Tuesday, February 8, 2005
President Bush sent Congress a $2.57 trillion federal budget yesterday that is designed to project U.S. power and priorities overseas while squeezing government programs at home but would not make a sizable dent in the nation's record deficit next year, despite politically painful cuts.
(Here is the meat of the cuts)
Relying on the nation's stronger economic performance, the Bush budget would increase overall spending by 3.6 percent in the fiscal year starting Oct. 1 and embody a strong commitment to security.
An extra 4.8 percent would be devoted to the Defense Department for a cumulative 38.6 percent increase over the past five years, and the Department of Homeland Security would receive almost 7 percent more, much of it coming from a $3-per-flight tax increase on airline tickets.

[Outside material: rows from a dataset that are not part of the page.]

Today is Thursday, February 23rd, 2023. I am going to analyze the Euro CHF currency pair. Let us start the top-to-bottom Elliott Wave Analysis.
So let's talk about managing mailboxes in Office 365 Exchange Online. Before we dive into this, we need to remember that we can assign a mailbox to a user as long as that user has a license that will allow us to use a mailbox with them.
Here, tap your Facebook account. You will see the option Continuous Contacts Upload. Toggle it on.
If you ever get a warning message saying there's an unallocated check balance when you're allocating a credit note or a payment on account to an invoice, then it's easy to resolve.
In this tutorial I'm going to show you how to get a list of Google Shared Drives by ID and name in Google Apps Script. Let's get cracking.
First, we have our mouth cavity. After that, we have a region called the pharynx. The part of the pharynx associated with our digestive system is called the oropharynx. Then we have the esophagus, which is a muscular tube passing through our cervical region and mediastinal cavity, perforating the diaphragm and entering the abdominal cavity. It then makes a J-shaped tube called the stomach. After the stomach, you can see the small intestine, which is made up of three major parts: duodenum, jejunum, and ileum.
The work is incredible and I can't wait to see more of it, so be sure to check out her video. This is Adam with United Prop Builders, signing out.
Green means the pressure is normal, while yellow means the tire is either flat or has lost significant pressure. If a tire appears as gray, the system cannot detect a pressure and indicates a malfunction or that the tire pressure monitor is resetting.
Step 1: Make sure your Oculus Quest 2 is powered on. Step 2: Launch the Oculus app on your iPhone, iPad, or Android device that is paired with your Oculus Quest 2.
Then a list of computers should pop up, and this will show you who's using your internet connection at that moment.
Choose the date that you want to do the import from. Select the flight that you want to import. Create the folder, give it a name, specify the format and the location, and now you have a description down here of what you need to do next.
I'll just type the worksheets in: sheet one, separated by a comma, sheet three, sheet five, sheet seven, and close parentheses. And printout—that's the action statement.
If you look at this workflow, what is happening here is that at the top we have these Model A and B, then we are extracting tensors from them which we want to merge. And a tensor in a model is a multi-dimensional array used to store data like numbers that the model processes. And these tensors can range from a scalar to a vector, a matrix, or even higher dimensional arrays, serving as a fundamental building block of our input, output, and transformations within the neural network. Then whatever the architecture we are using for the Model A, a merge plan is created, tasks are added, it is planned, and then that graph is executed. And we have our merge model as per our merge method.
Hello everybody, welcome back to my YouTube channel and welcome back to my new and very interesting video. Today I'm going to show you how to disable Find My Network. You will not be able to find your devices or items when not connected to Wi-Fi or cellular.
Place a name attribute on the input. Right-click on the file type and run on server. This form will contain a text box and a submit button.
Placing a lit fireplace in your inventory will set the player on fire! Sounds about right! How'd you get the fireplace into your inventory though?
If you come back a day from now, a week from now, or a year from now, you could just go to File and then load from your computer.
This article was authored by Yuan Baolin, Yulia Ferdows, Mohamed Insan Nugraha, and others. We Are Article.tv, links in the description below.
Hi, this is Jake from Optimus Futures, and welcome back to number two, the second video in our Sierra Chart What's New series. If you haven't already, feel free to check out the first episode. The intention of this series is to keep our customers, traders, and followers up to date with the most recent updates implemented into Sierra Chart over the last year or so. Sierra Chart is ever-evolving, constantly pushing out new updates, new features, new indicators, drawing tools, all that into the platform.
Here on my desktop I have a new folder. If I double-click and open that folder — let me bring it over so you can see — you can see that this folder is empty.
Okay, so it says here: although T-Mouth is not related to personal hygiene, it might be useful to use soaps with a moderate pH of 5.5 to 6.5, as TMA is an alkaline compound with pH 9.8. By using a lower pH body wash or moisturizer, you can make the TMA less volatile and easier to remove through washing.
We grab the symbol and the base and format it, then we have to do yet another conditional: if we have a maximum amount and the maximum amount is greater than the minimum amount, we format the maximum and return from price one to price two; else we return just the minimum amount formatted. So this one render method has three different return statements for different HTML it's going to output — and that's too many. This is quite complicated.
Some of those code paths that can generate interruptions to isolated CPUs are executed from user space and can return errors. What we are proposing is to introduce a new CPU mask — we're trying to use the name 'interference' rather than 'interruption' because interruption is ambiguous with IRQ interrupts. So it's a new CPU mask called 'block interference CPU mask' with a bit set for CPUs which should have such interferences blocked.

State Department and foreign aid spending would go up 15.7 percent.To offset those increases, the rest of the discretionary budget would fall almost 1 percent, with programs for health, education, the environment, farming and housing taking the biggest hits. Nine of the 15 Cabinet departments would lose funding, including Housing and Urban Development (11.5 percent), Agriculture (9.6 percent), and Transportation (6.7 percent).
The Environmental Protection Agency would be cut 5.6 percent and the Centers for Disease Control and Prevention by 12.4 percent, and the White House said it would take a 1.7 percent reduction in its spending. Altogether, about 150 programs would be eliminated or drastically scaled back, one third of them education-related.